What you need to do
Your copy should begin with the line containing "M7XLHighquality Middleaged Men's", end with the line containing "<b>Bear</b> Rattan Storage", match the listing below exactly, and contain no pictures.

Records for processing
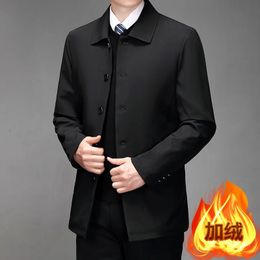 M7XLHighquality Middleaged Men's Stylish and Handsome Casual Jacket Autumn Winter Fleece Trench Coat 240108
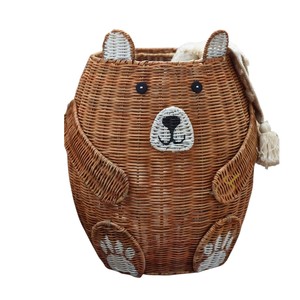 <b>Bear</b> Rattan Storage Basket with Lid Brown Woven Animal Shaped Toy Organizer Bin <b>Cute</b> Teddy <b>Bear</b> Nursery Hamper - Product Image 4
...
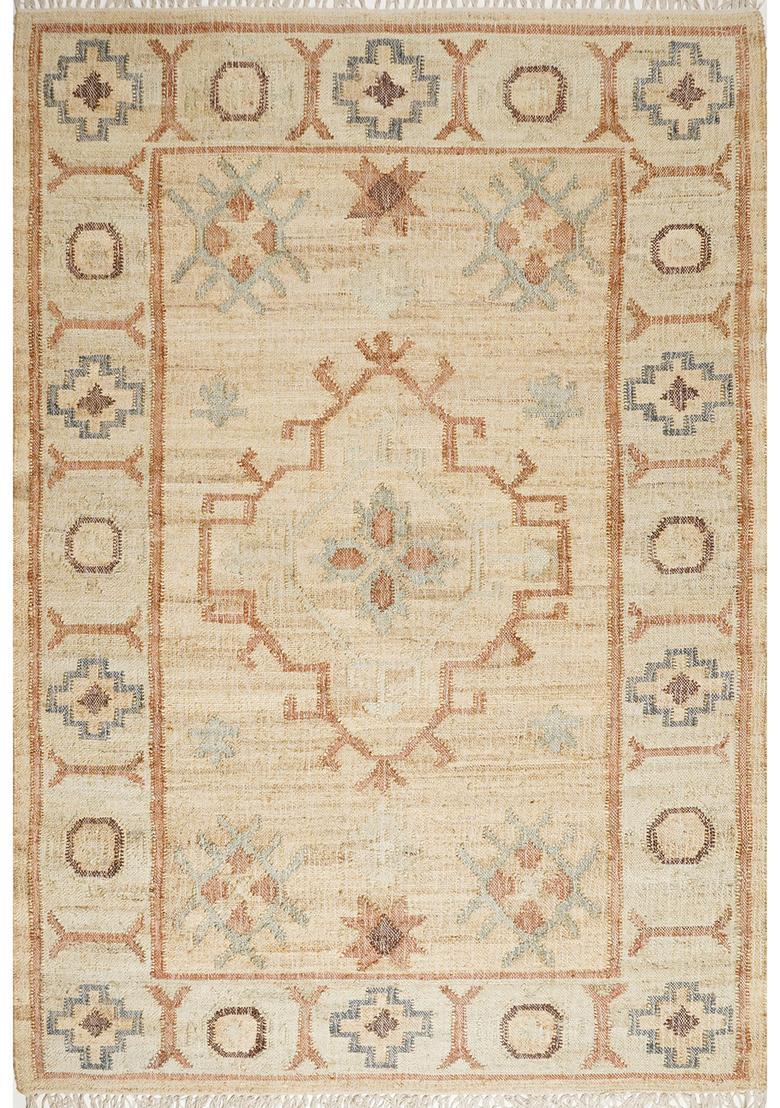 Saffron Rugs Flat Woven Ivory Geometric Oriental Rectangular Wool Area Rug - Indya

Reply
 M7XLHighquality Middleaged Men's Stylish and Handsome Casual Jacket Autumn Winter Fleece Trench Coat 240108
 <b>Bear</b> Rattan Storage Basket with Lid Brown Woven Animal Shaped Toy Organizer Bin <b>Cute</b> Teddy <b>Bear</b> Nursery Hamper - Product Image 4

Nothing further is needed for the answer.